Dataset content:
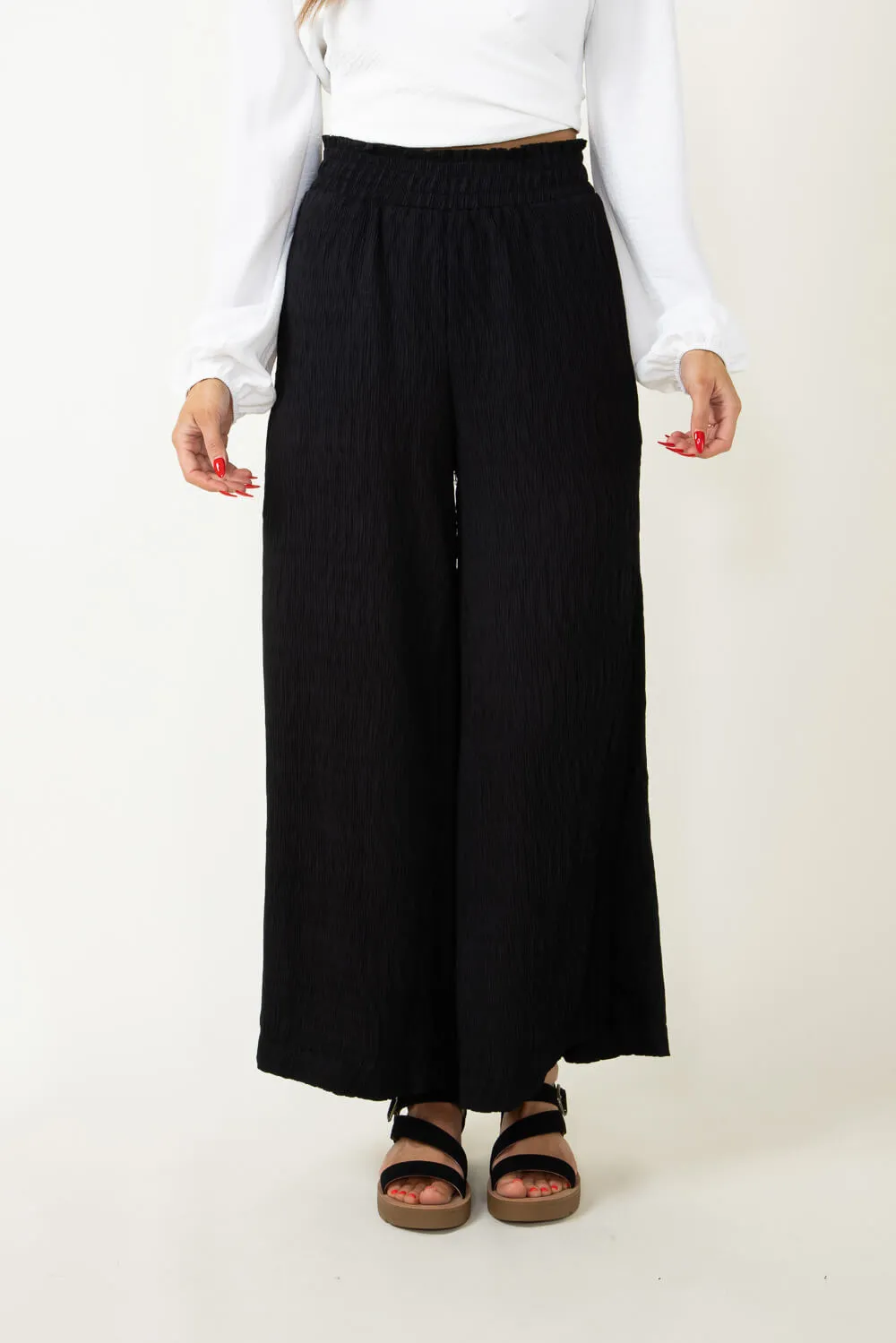 Smocked Waist Beach Pants for Women in Black | NP70125-BLK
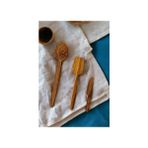 Tahta Kaşık Yemek Kaşığı Ahşap Kaşık Spatula 3'lü Set Zeytin Ağacı Mutfak Gereçleri Servis Seti - Kahverengi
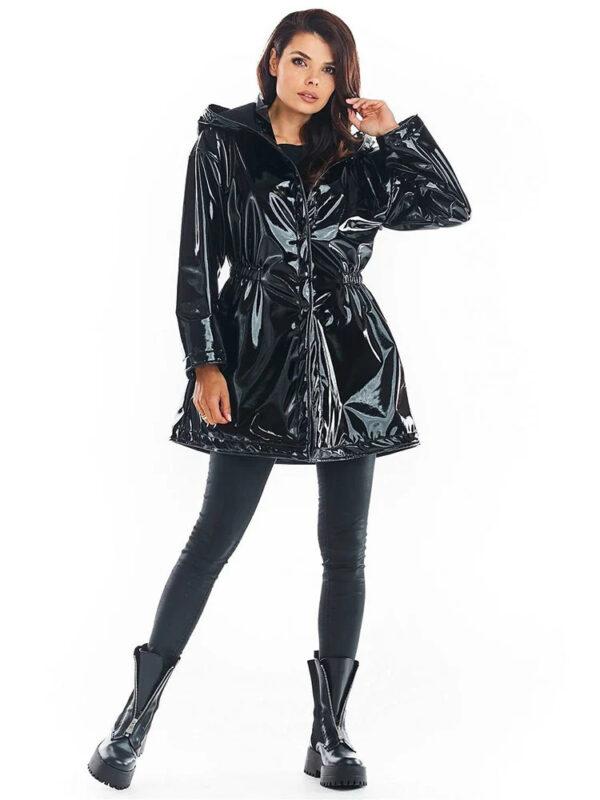 Mid-length To Long Bright Leather Trench Coat - Image 2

What this task involves:
Without the pictures, retype the whole of the material above exactly.

Reply to the exercise:
 Smocked Waist Beach Pants for Women in Black | NP70125-BLK
 Tahta Kaşık Yemek Kaşığı Ahşap Kaşık Spatula 3'lü Set Zeytin Ağacı Mutfak Gereçleri Servis Seti - Kahverengi
 Mid-length To Long Bright Leather Trench Coat - Image 2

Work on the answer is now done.